Segment Start: Supplied entries
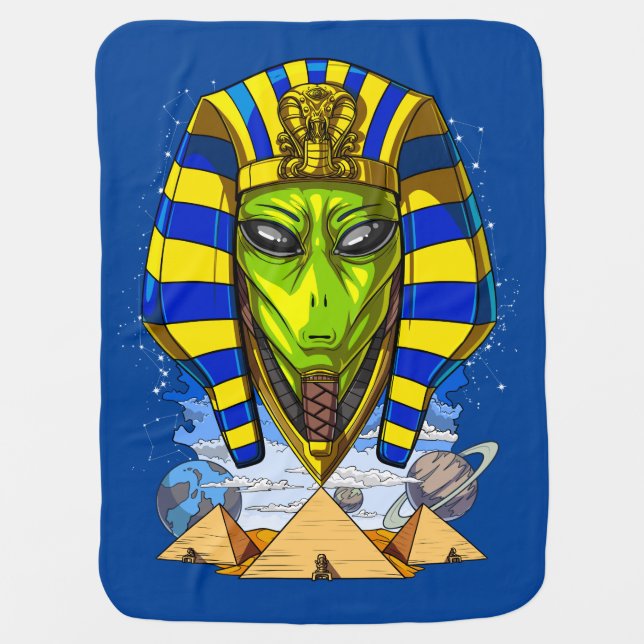 Alien Pharaoh Egypt Tutankhamun Ancient Annunaki Baby Blanket (Front)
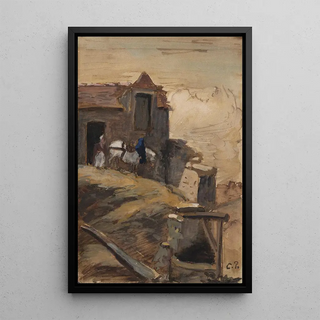 Camille Pissarro - Cheval blanc devant une ferme.webp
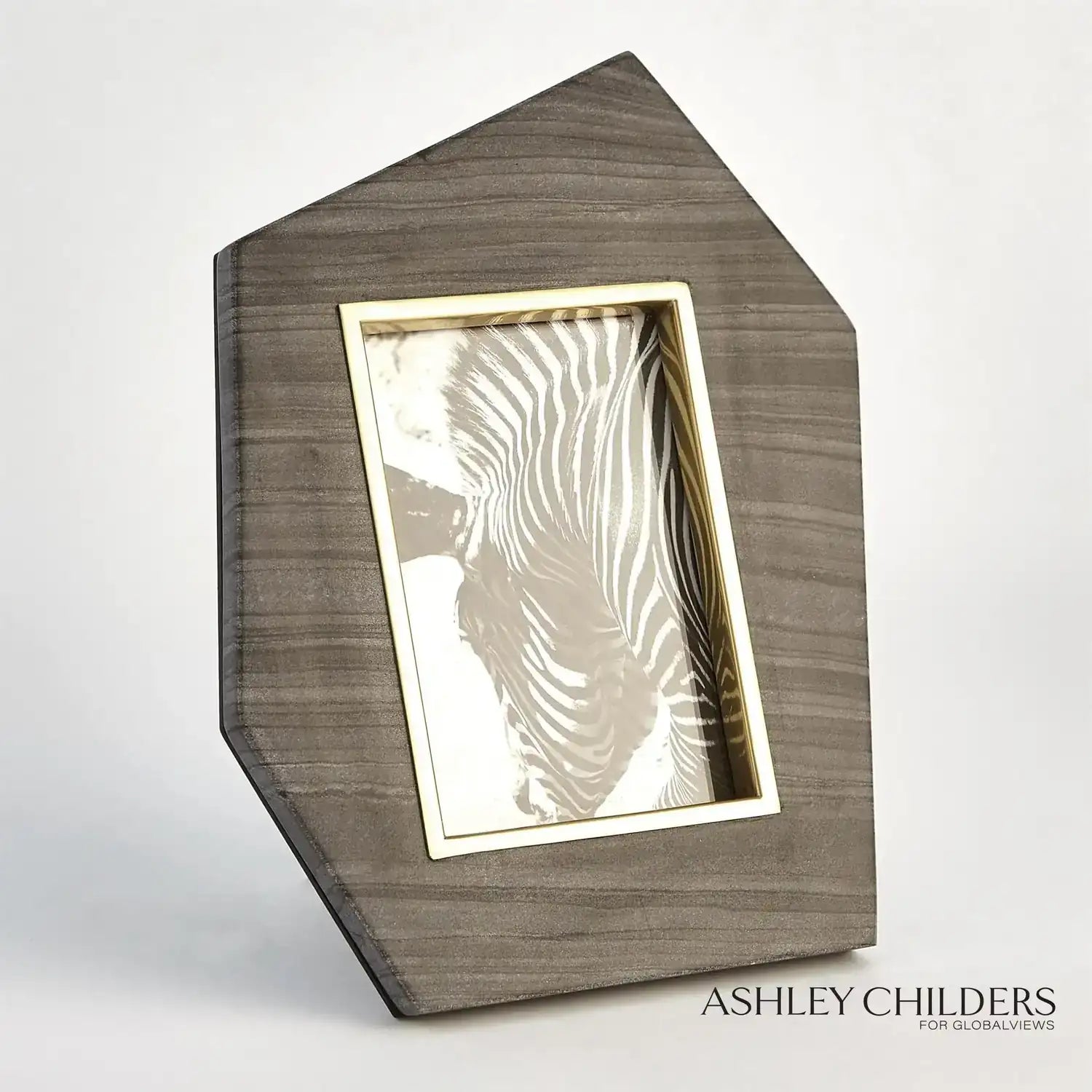GLOBAL VIEWS BRASS FRAME GREY STONE PHOTO FRAME - Decorative Accents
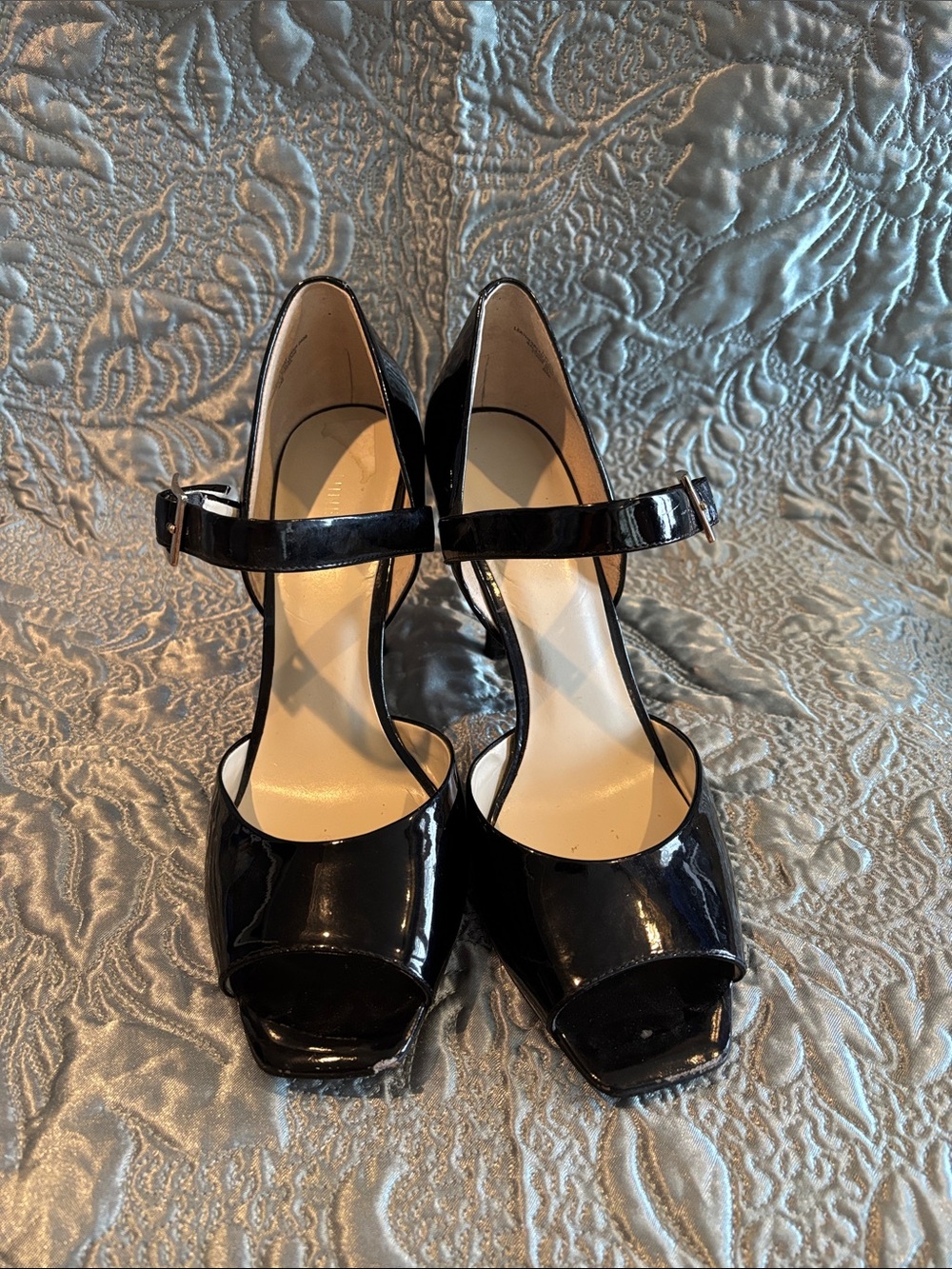 Black Patent Mary Jane Peep-Toe Heels
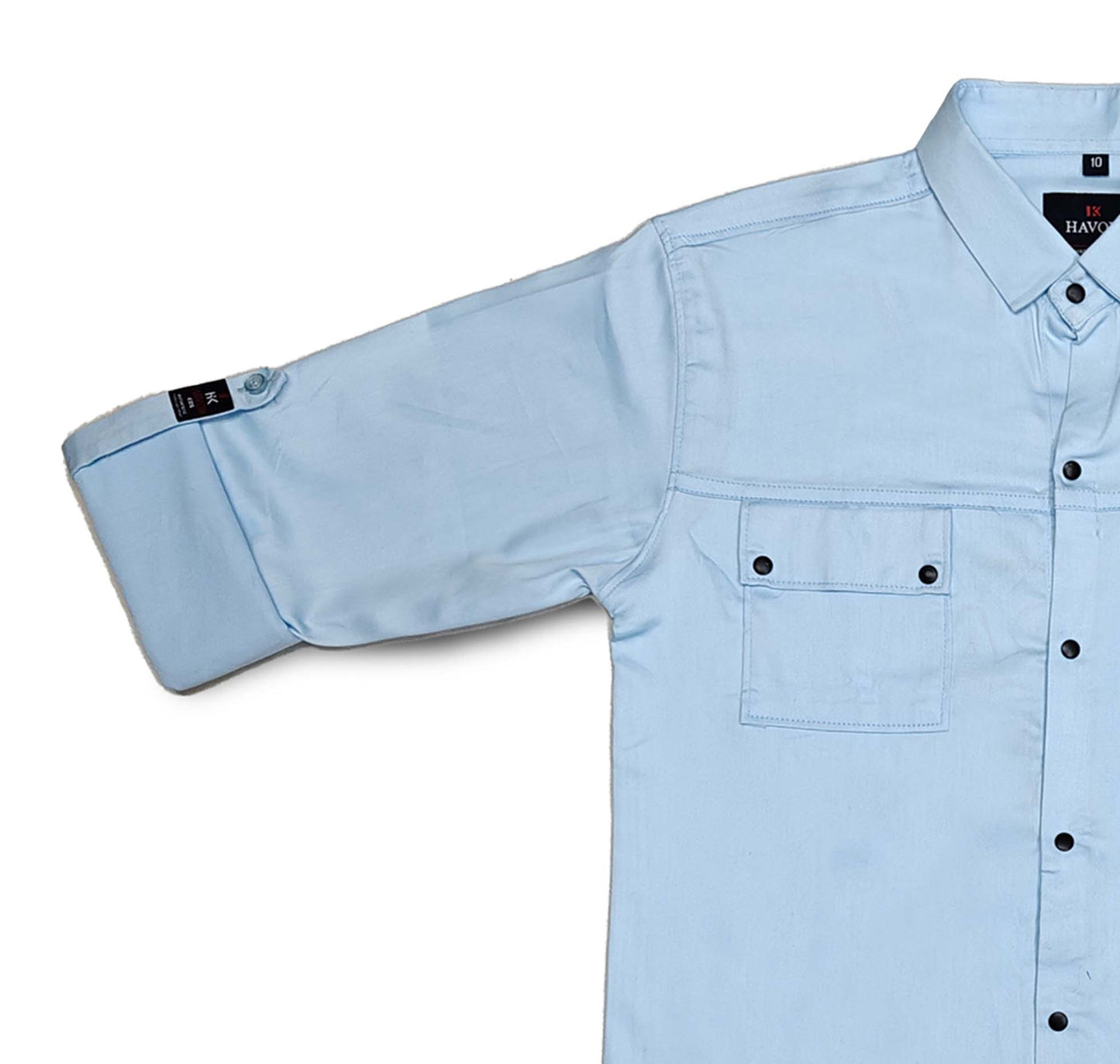 Sky Blue Boys Shirt With Tshirt Collar Shirt with Snap Button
Segment End: Supplied entries
• _About this task_:
Could you return each entry word for word, with the images omitted?

• _Written response_:
 Alien Pharaoh Egypt Tutankhamun Ancient Annunaki Baby Blanket (Front)
 Camille Pissarro - Cheval blanc devant une ferme.webp
GLOBAL VIEWS BRASS FRAME GREY STONE PHOTO FRAME - Decorative Accents
 Black Patent Mary Jane Peep-Toe Heels
 Sky Blue Boys Shirt With Tshirt Collar Shirt with Snap Button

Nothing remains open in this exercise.